-------- DATA TO USE --------
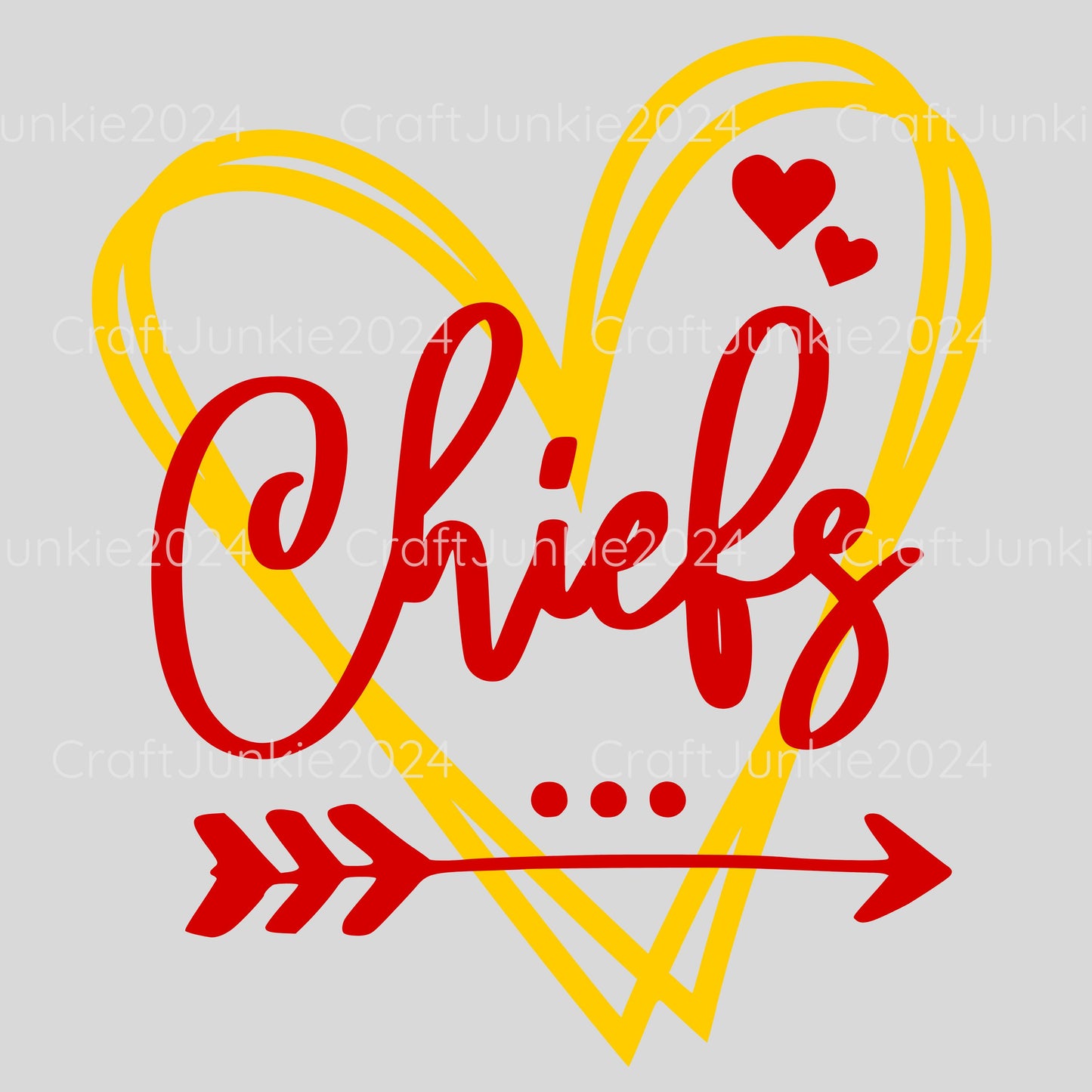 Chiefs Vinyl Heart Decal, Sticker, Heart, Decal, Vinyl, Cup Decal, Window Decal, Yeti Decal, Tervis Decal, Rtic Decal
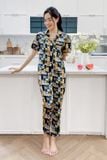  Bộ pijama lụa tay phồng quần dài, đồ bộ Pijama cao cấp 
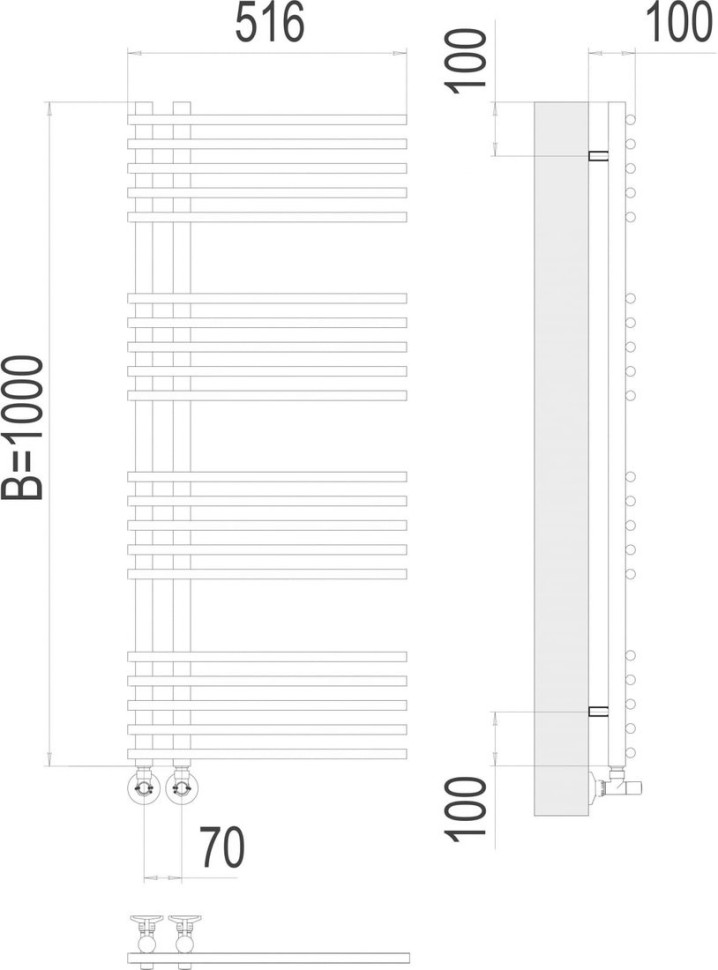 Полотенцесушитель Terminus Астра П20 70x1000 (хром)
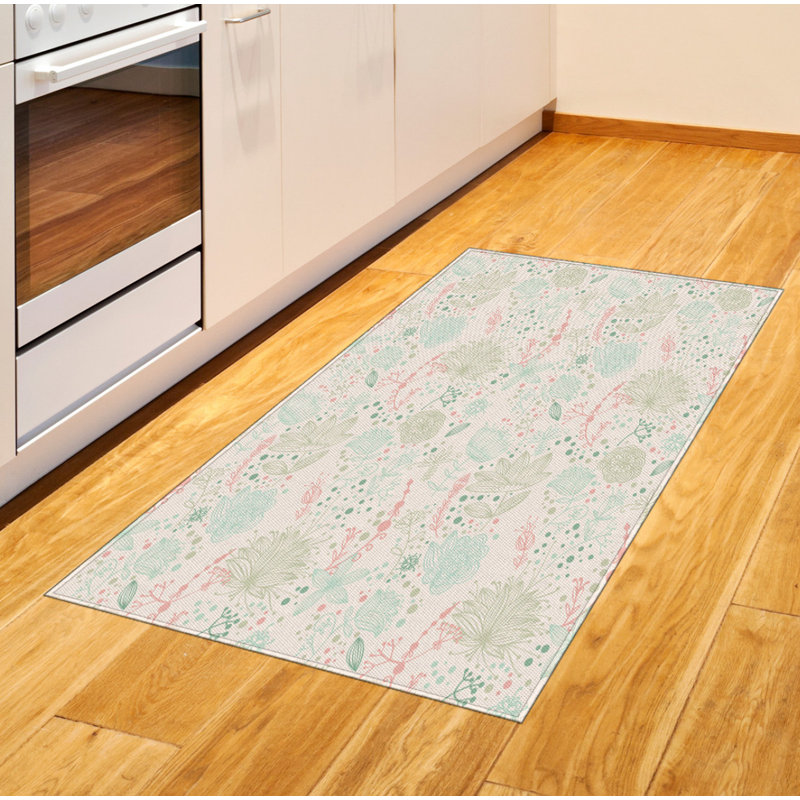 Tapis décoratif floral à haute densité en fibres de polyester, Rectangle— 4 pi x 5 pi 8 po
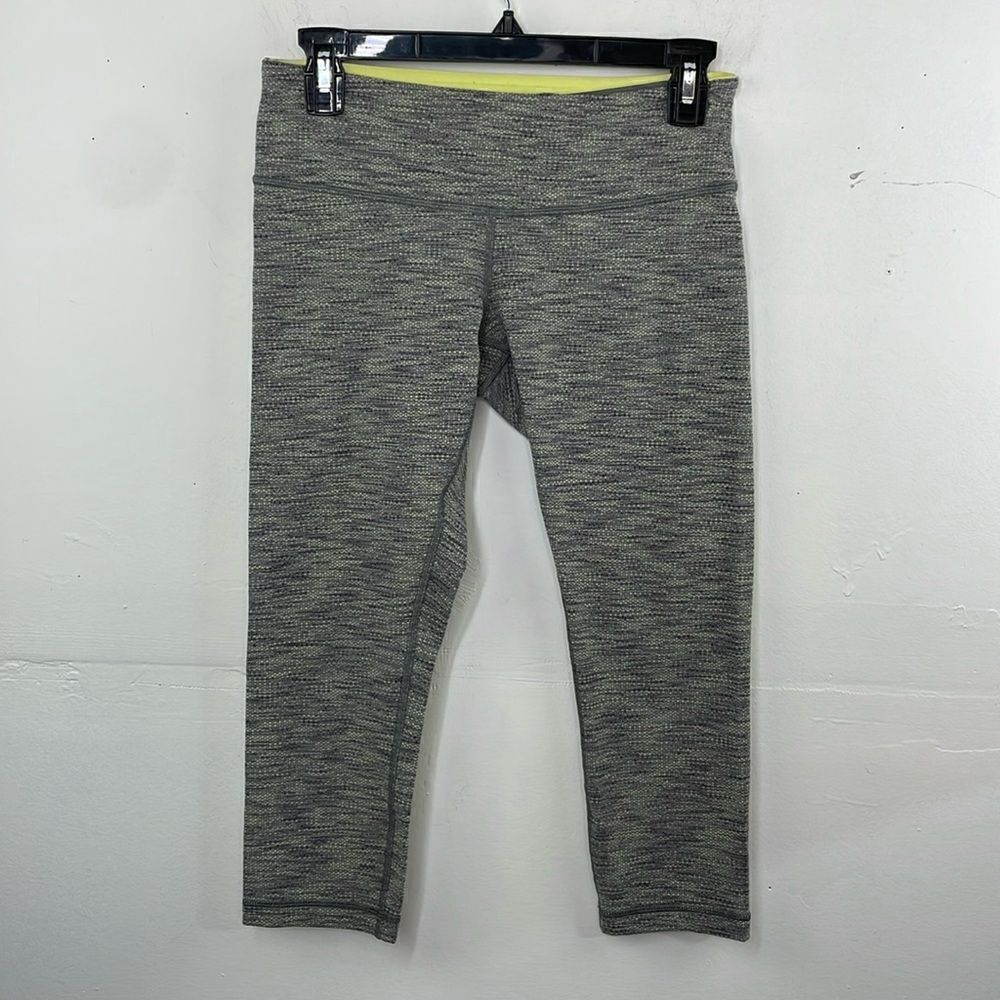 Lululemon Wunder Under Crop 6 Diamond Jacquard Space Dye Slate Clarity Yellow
--------
■ WHAT TO PRODUCE: The task calls for every line of the data to be returned exactly, without pictures.

■ RESPONSE TO THE EXERCISE:
 Chiefs Vinyl Heart Decal, Sticker, Heart, Decal, Vinyl, Cup Decal, Window Decal, Yeti Decal, Tervis Decal, Rtic Decal
  Bộ pijama lụa tay phồng quần dài, đồ bộ Pijama cao cấp 
 Полотенцесушитель Terminus Астра П20 70x1000 (хром)
 Tapis décoratif floral à haute densité en fibres de polyester, Rectangle— 4 pi x 5 pi 8 po
 Lululemon Wunder Under Crop 6 Diamond Jacquard Space Dye Slate Clarity Yellow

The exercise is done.